» **Task instructions**
Reproduce, exactly, the lines of the material below from the line containing "Fujifilm fuji stx" through the line containing "[TOUCHDOWN DEAL] NEW", with both end lines included and nothing else.

╔══

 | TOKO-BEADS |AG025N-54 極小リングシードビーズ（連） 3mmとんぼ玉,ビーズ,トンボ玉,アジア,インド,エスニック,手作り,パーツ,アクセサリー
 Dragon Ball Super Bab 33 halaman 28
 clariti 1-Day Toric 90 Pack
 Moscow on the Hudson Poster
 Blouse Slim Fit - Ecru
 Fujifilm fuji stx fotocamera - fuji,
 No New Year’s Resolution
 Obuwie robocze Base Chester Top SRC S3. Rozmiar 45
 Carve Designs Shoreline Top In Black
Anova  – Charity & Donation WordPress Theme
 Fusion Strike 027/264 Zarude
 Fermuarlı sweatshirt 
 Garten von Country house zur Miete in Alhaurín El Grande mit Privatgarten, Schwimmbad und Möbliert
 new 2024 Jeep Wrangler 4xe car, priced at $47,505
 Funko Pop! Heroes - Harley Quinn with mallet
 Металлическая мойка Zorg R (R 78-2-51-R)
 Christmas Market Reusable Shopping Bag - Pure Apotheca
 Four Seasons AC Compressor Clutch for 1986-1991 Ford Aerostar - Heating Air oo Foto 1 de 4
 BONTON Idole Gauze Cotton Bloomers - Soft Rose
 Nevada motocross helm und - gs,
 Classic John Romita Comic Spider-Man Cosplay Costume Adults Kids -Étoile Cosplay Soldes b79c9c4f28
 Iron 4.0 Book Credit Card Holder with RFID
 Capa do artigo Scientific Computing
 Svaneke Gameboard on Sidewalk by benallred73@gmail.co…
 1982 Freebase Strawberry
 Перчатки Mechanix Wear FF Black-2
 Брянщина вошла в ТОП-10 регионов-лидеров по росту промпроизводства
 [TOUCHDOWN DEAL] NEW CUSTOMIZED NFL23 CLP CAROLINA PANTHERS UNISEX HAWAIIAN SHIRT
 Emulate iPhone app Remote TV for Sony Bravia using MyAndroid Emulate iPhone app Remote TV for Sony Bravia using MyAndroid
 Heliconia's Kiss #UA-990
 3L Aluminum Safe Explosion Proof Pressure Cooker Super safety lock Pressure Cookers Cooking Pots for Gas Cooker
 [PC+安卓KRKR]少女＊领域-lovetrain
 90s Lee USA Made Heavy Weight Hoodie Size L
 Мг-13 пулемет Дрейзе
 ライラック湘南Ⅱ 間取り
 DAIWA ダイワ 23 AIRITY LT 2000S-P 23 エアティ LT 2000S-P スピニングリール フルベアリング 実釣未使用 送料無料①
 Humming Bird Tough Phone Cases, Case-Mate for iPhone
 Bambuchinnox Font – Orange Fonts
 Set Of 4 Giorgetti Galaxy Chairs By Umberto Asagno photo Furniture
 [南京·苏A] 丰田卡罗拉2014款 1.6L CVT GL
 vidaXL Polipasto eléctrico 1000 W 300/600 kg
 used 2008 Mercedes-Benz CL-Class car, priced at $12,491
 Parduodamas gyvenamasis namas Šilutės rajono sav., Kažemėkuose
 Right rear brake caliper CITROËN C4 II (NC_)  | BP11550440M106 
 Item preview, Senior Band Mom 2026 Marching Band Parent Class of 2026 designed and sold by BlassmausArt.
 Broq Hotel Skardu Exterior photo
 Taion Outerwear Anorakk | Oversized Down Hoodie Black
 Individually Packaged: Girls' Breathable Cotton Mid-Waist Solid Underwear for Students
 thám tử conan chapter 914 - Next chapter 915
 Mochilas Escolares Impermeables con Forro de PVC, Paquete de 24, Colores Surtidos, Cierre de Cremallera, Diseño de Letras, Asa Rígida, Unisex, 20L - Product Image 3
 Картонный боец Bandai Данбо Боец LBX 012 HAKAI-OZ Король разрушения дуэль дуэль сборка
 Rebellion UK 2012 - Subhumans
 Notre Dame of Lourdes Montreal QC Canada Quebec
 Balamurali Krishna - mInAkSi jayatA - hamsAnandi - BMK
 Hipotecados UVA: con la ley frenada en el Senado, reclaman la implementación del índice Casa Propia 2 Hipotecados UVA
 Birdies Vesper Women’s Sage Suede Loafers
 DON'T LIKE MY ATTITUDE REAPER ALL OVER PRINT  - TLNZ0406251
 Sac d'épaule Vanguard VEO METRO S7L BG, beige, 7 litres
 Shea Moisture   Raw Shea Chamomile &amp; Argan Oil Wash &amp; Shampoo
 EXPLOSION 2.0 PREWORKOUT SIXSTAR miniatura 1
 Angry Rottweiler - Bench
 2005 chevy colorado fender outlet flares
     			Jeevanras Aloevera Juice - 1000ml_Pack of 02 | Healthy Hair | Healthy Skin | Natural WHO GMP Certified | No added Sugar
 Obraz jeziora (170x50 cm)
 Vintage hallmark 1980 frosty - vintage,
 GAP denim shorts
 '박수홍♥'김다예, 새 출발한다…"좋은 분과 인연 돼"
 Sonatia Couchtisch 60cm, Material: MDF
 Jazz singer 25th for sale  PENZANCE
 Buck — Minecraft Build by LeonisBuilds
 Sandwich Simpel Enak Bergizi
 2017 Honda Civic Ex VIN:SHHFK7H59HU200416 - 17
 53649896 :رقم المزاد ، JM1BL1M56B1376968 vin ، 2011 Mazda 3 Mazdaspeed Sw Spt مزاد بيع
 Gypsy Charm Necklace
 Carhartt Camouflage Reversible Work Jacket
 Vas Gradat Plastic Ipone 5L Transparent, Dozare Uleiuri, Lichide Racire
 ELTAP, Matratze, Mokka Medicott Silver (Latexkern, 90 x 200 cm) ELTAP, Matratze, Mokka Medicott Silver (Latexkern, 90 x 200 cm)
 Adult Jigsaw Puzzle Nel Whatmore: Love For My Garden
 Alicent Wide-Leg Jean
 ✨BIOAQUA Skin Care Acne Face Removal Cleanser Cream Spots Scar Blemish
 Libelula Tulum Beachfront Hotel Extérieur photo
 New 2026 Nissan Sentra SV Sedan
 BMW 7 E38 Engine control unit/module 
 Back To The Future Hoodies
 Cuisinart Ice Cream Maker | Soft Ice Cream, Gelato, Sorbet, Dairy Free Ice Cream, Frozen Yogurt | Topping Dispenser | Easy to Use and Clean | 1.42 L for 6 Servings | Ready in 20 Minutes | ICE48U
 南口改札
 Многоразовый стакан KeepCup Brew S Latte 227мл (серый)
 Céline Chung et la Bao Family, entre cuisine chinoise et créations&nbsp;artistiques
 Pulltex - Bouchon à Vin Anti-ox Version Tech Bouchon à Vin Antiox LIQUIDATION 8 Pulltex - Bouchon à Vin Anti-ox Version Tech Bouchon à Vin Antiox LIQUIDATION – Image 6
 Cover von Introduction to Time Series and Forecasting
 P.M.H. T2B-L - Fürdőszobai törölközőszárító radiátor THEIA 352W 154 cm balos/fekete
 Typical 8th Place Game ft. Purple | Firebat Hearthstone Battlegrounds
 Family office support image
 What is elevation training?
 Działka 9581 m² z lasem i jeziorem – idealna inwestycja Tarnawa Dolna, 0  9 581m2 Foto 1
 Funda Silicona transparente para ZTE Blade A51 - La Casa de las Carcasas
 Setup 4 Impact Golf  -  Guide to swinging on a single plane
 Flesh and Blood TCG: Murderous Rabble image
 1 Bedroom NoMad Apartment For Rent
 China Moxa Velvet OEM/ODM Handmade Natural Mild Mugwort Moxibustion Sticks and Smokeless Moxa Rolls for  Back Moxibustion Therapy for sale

╚══

» **Your response**
 Fujifilm fuji stx fotocamera - fuji,
 No New Year’s Resolution
 Obuwie robocze Base Chester Top SRC S3. Rozmiar 45
 Carve Designs Shoreline Top In Black
Anova  – Charity & Donation WordPress Theme
 Fusion Strike 027/264 Zarude
 Fermuarlı sweatshirt 
 Garten von Country house zur Miete in Alhaurín El Grande mit Privatgarten, Schwimmbad und Möbliert
 new 2024 Jeep Wrangler 4xe car, priced at $47,505
 Funko Pop! Heroes - Harley Quinn with mallet
 Металлическая мойка Zorg R (R 78-2-51-R)
 Christmas Market Reusable Shopping Bag - Pure Apotheca
 Four Seasons AC Compressor Clutch for 1986-1991 Ford Aerostar - Heating Air oo Foto 1 de 4
 BONTON Idole Gauze Cotton Bloomers - Soft Rose
 Nevada motocross helm und - gs,
 Classic John Romita Comic Spider-Man Cosplay Costume Adults Kids -Étoile Cosplay Soldes b79c9c4f28
 Iron 4.0 Book Credit Card Holder with RFID
 Capa do artigo Scientific Computing
 Svaneke Gameboard on Sidewalk by benallred73@gmail.co…
 1982 Freebase Strawberry
 Перчатки Mechanix Wear FF Black-2
 Брянщина вошла в ТОП-10 регионов-лидеров по росту промпроизводства
 [TOUCHDOWN DEAL] NEW CUSTOMIZED NFL23 CLP CAROLINA PANTHERS UNISEX HAWAIIAN SHIRT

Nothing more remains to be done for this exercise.